Dorothy Marbaniang


2025

pdf bib
Towards Resource-Rich Mizo and Khasi in NLP: Resource Development, Synthetic Data Generation and Model Building
Soumyadip Ghosh | Henry Lalsiam | Dorothy Marbaniang | Gracious Mary Temsen | Rahul Mishra | Parameswari Krishnamurthy
Proceedings of the 19th Linguistic Annotation Workshop (LAW-XIX-2025)

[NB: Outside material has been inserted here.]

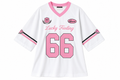 Women’s Black V-Neck Sports Jersey – Lucky Feeling 66 Graphic Top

In the rapidly evolving field of Natural Language Processing (NLP), Indian regional languages remain significantly underrepresented due to their limited digital presence and lack of annotated resources. This work presents the first comprehensive effort toward developing high quality linguistic datasets for two extremely low resource languages Mizo and Khasi. We introduce human annotated, gold standard datasets for three core NLP tasks: Part-of-Speech (POS) tagging, Named Entity Recognition (NER), and Keyword Identification. To overcome annotation bottlenecks in NER, we further explore a synthetic data generation pipeline involving translation from Hindi and cross lingual word alignment. For POS tagging, we adopt and subsequently modify the Universal Dependencies (UD) framework to better suit the linguistic characteristics of Mizo and Khasi, while custom annotation guidelines are developed for NER and Keyword Identification. The constructed datasets are evaluated using multilingual language models, demonstrating that structured resource development, coupled with gradual fine-tuning, yields significant improvements in performance. This work represents a critical step toward advancing linguistic resources and computational tools for Mizo and Khasi.